• [DIRECTIONS] Below are some entries. Transcribe the lines from the one holding "キッズメディカル クリーンファン陰圧装置(パネルピンク) 24975101" to the one holding "Dam of the Forest", inclusive, but not the pictures among them.

• [EXERCISE MATERIALS]

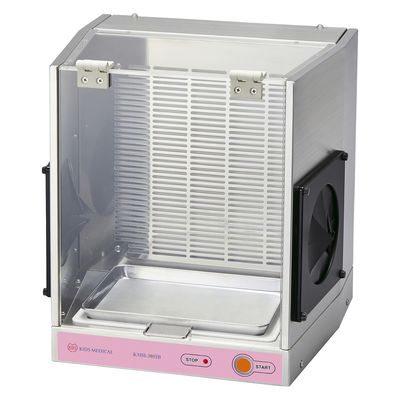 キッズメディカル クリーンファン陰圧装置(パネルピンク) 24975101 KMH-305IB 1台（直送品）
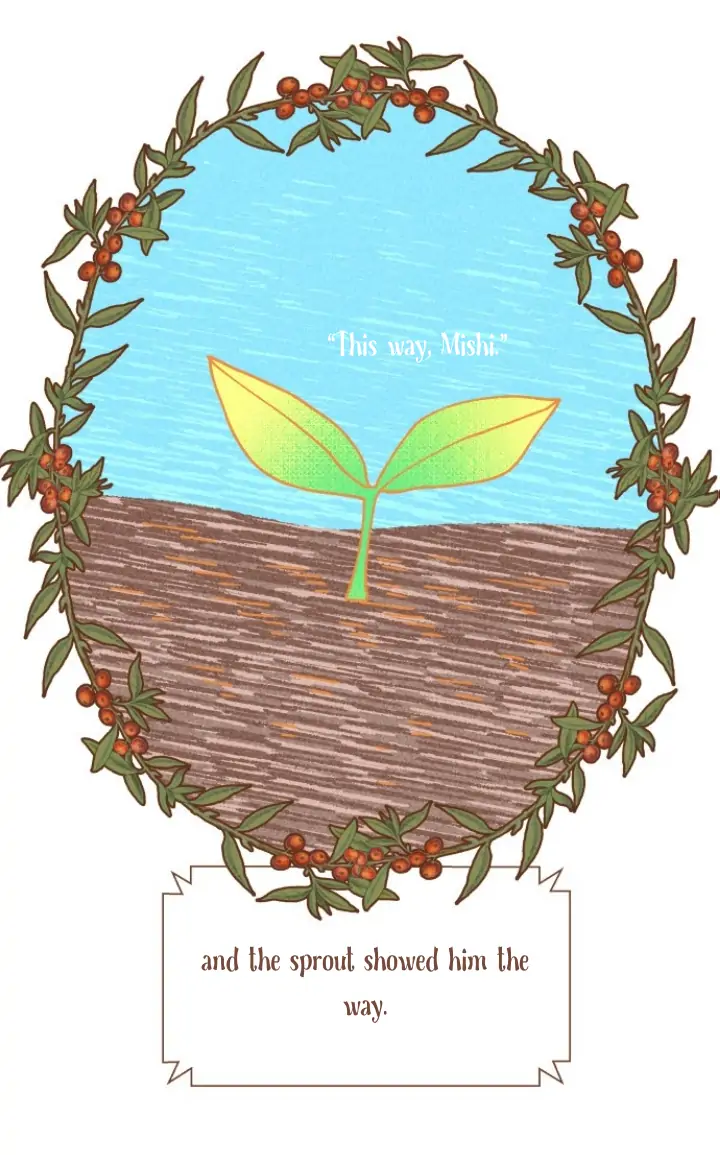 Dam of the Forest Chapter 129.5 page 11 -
--
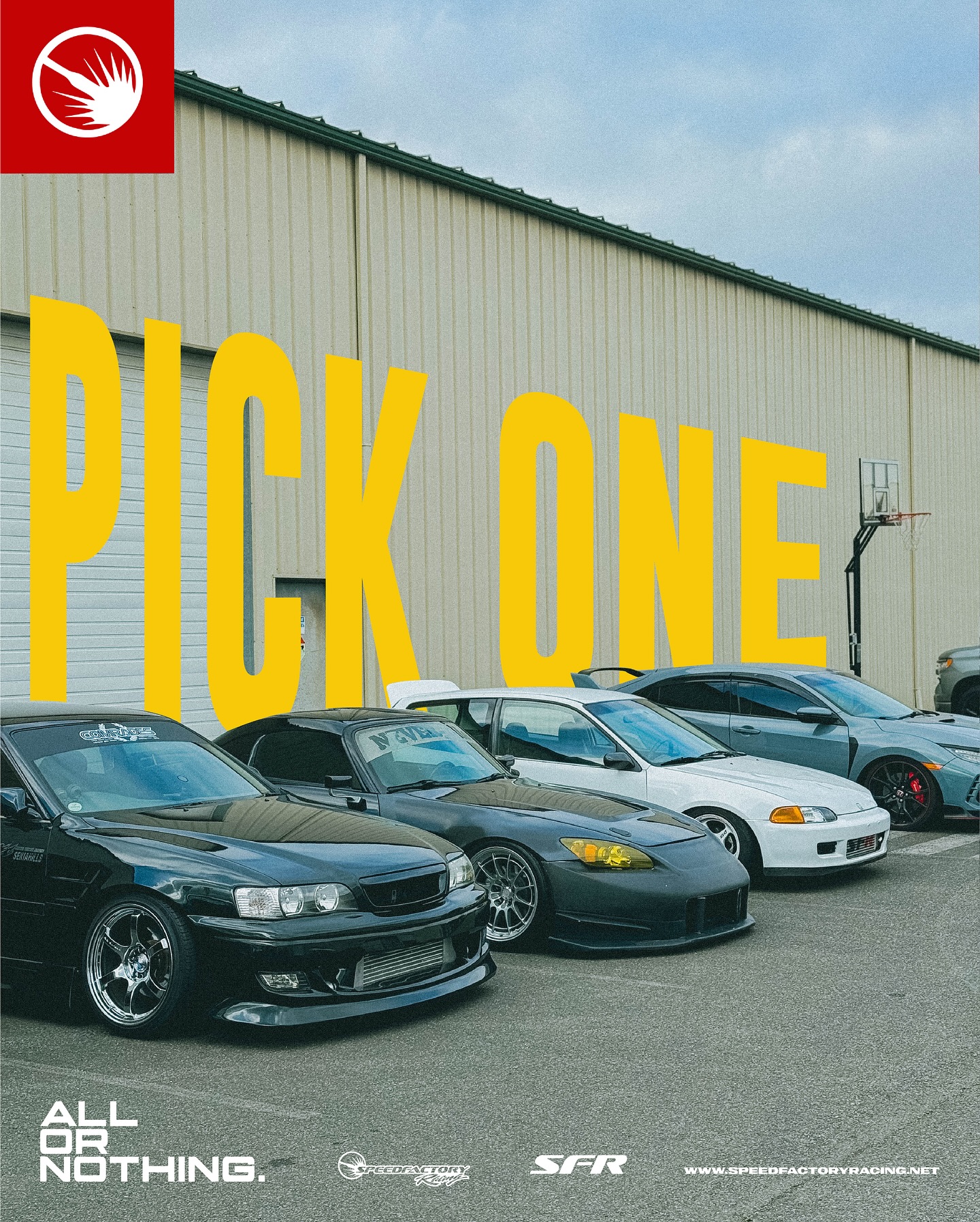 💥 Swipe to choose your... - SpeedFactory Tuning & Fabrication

• [WRITTEN ANSWER]
 キッズメディカル クリーンファン陰圧装置(パネルピンク) 24975101 KMH-305IB 1台（直送品）
 Dam of the Forest Chapter 129.5 page 11 -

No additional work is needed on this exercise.